'Why Not Freddy Krueger?' Trump Picks Big Pharma Exec Alex Azar to Head HHS
"Just when you think it can't get anymore disgraceful. Pity the poor people who need medication and safety—that would be all of us."
In a move critics said betrays President Donald Trump's expressed commitment to lowering drug prices and taking on the power of Big Pharma, Trump on Monday announced that he has chosen Alex Azar, former top executive of pharmaceutical giant Eli Lilly, to head the Department of Health and Human Services (HHS).
"It would be unrealistic to expect a reformer from Trump, but a professional apologist for this abusive industry is an insult to us all."
—Will Bunch, Philly.com
While Trump insisted in a tweet on Monday that Azar "will be a star for better healthcare and lower drug prices," many argued that the president's choice of an industry insider will only be a further boost for the bottom lines of drug companies—and a disaster for public health.
"Trump tells us Azar will be a 'star' who will lower prescription prices.

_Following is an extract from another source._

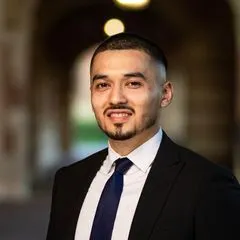 Xavier Franco, real estate agent in Canyon Country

Maybe he should have asked the six million diabetic Americans whose insulin prices have more than tripled under Azar's watch at Eli Lilly," Peter Maybarduk, director of Public Citizen's Access to Medicines Program, said in a statement. "Eli Lilly is notorious for spiking prices of this century-old isolated hormone. During Azar's tenure as president and vice president, Eli Lilly raised the price of Humalog by 345 percent from $2,657.88 per year to $9,172.80 per year."
"Why not Freddy Krueger?" RoseAnn DeMoro, executive director of National Nurses United, wrote on Twitter following Trump's announcement. "Just when you think it can't get anymore disgraceful. Pity the poor people who need medication and safety—that would be all of us."
If approved, Azar will be deeply involved in regulating the industry he has worked for over the last decade. "Even for D.C.'s ever-spinning revolving door, Alex Azar is a pretty blatant case," The Daily Beast's Lachlan Markay noted, highlighting the fact that Azar previously served as deputy HHS secretary under George W. Bush before joining the pharma giant Eli Lilly in 2007 as senior vice president of corporate affairs and communications. In 2012, Azar became president of Lilly's U.S. operations, a position he held until January of this year.
As Common Dreams reported last month, consumer advocates have been raising alarm about Azar's nomination since news reports emerged suggesting he was Trump's top choice. In a recent statement, Public Citizen warned that "if Alex Azar is confirmed as HHS secretary, Big Pharma's coup of the healthcare sphere will be virtually complete."
"Americans understand, passionately, that drug company price gouging leads to rationing of care. It is unethical and must end," added Public Citizen president Robert Weissman. "But it is highly unlikely that a pharmaceutical company executive who has made passionate arguments against price restraints is going to advance real reform."
"It is highly unlikely that a pharmaceutical company executive who has made passionate arguments against price restraints is going to advance real reform."
—Robert Weissman, Public CitizenAzar has made clear in recent public appearances that he sides with Trump and the GOP in their efforts to repeal the Affordable Care Act, which—if successful—would strip healthcare from tens of millions of Americans. Azar has also expressed opposition to Medicaid expansion and backed right-wing efforts to turn the program into block grants.
As The Daily Beast's Sam Stein notes, Trump's decision to tap an industry favorite like Azar for a key cabinet position is hardly surprising, given that more than 50 percent of the president's nominees for Senate-confirmed administration spots "have ties to the industries they're supposed to regulate."
"It's hard to imagine a worse choice for America," Philly.com columnist Will Bunch wrote of Azar, pointing to the pharmaceutical industry's role in perpetuating the opioid epidemic. "It would be unrealistic to expect a reformer from Trump, but a professional apologist for this abusive industry is an insult to us all."